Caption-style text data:
▬▬▬▬▬▬▬▬▬▬

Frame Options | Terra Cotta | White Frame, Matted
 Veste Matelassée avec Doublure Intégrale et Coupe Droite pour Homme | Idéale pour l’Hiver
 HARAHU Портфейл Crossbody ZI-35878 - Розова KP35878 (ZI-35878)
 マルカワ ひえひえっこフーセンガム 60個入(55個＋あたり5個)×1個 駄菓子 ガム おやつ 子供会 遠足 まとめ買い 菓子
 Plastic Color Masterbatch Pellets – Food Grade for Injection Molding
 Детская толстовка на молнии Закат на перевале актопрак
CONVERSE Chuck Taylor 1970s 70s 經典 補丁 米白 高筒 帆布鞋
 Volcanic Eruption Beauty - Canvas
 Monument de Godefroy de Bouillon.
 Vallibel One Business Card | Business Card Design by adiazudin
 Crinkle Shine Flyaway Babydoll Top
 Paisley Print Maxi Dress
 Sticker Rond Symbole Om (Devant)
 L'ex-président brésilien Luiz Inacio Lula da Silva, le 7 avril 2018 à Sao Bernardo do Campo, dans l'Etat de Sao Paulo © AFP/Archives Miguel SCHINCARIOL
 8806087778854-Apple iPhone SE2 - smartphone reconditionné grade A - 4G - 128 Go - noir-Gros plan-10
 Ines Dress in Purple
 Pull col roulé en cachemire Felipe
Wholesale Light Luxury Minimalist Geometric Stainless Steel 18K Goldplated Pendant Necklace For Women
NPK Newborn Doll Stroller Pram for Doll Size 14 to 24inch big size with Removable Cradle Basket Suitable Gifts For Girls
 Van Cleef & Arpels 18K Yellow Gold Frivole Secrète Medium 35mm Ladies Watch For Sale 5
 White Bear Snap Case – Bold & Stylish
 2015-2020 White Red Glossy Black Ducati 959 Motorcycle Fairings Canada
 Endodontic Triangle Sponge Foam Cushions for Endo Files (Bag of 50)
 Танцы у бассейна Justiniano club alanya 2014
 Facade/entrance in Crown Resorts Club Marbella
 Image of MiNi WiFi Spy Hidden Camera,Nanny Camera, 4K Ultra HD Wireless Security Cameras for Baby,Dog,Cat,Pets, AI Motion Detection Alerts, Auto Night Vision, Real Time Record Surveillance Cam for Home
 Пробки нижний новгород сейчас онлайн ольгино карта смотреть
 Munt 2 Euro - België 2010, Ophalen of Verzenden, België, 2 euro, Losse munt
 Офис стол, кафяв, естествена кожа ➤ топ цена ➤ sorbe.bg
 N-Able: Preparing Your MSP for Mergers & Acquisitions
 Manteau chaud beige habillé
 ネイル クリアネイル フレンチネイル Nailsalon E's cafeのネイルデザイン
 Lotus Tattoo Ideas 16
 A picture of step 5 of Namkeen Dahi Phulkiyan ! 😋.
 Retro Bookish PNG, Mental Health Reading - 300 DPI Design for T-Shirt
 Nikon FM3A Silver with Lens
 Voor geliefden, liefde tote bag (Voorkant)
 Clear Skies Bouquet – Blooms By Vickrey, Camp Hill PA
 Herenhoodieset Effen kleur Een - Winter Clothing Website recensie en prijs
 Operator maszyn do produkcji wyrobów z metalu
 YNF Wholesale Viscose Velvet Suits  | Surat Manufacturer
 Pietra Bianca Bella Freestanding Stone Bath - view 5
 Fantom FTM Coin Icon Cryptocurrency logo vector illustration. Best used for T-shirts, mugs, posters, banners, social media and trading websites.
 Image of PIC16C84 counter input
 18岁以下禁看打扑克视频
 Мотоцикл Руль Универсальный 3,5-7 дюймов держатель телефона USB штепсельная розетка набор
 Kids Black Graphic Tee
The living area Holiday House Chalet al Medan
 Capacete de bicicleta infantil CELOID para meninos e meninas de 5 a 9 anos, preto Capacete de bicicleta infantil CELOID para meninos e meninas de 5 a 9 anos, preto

▬▬▬▬▬▬▬▬▬▬

TASK STATEMENT: Your answer must hold the line containing "Retro Bookish PNG, Mental" and all lines after it in the entries above, exactly, and nothing else.

ANSWER TO THIS PROBLEM:
 Retro Bookish PNG, Mental Health Reading - 300 DPI Design for T-Shirt
 Nikon FM3A Silver with Lens
 Voor geliefden, liefde tote bag (Voorkant)
 Clear Skies Bouquet – Blooms By Vickrey, Camp Hill PA
 Herenhoodieset Effen kleur Een - Winter Clothing Website recensie en prijs
 Operator maszyn do produkcji wyrobów z metalu
 YNF Wholesale Viscose Velvet Suits  | Surat Manufacturer
 Pietra Bianca Bella Freestanding Stone Bath - view 5
 Fantom FTM Coin Icon Cryptocurrency logo vector illustration. Best used for T-shirts, mugs, posters, banners, social media and trading websites.
 Image of PIC16C84 counter input
 18岁以下禁看打扑克视频
 Мотоцикл Руль Универсальный 3,5-7 дюймов держатель телефона USB штепсельная розетка набор
 Kids Black Graphic Tee
The living area Holiday House Chalet al Medan
 Capacete de bicicleta infantil CELOID para meninos e meninas de 5 a 9 anos, preto Capacete de bicicleta infantil CELOID para meninos e meninas de 5 a 9 anos, preto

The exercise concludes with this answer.